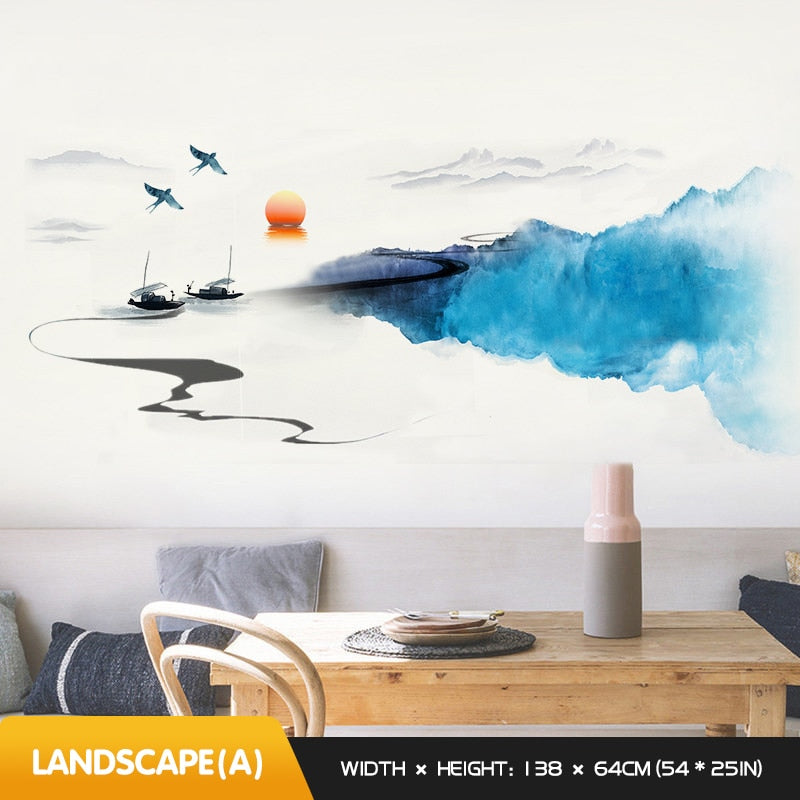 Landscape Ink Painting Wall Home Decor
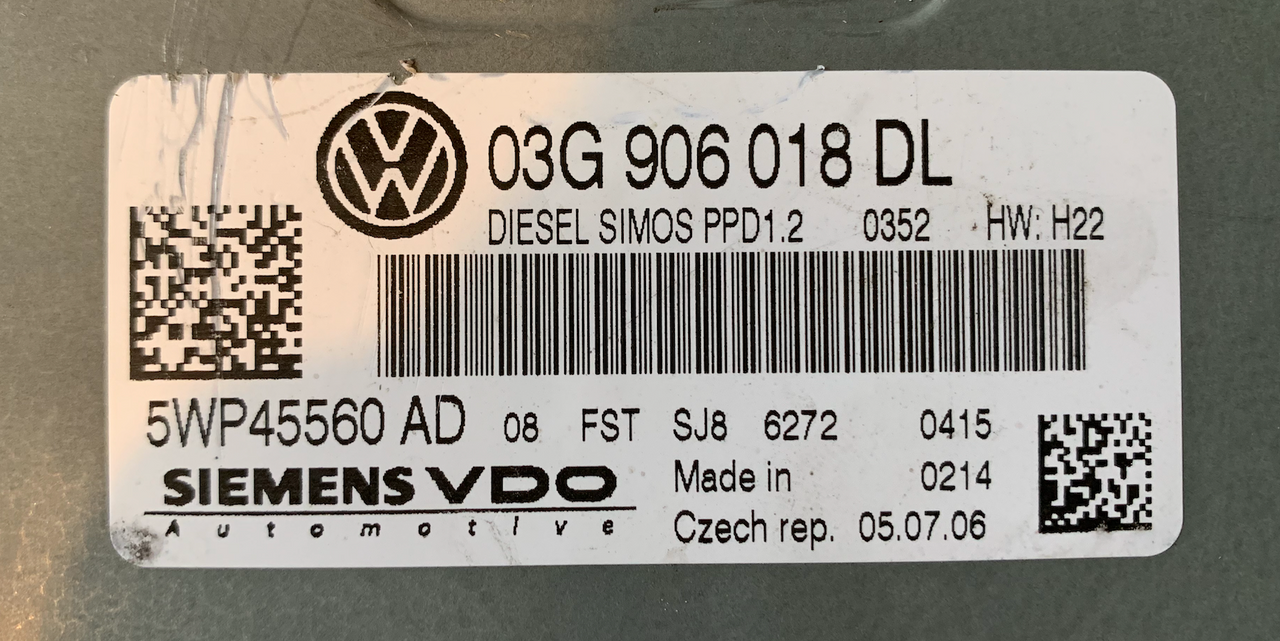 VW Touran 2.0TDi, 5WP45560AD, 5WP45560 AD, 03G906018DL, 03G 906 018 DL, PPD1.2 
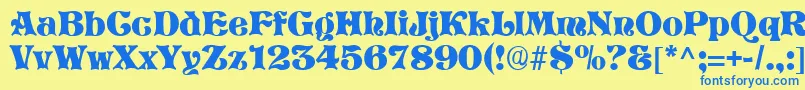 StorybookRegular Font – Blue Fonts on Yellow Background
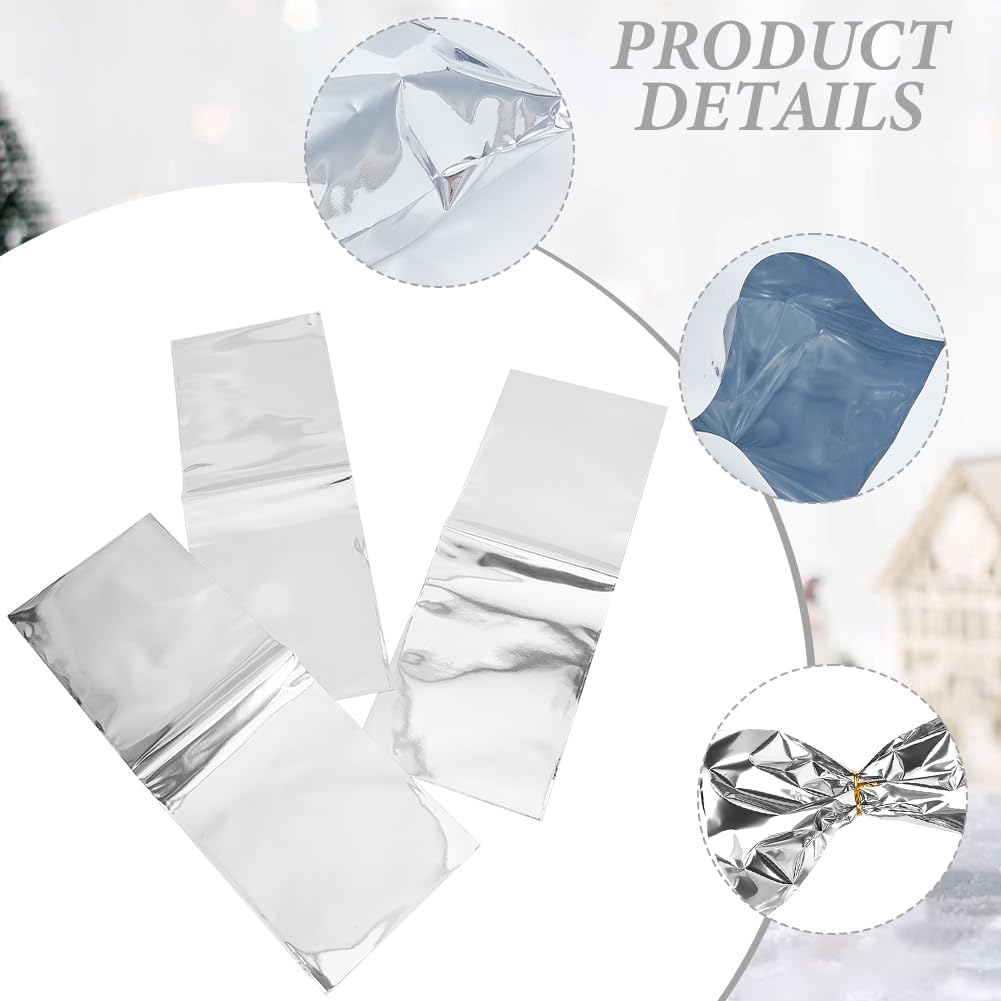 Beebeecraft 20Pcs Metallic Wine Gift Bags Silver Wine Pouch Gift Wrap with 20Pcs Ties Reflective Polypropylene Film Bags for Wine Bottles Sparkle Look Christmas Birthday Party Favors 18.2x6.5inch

==================================================

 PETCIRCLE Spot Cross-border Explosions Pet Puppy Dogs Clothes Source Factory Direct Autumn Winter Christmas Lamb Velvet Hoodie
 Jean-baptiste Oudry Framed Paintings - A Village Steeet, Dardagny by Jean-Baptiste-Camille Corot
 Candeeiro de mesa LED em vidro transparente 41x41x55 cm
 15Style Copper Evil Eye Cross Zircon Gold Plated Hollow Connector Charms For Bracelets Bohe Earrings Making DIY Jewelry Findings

==================================================

● Problem requirements:
Tally the lines of the material above that include the string "Cross", then give the number with no other text.

● Task answer:
2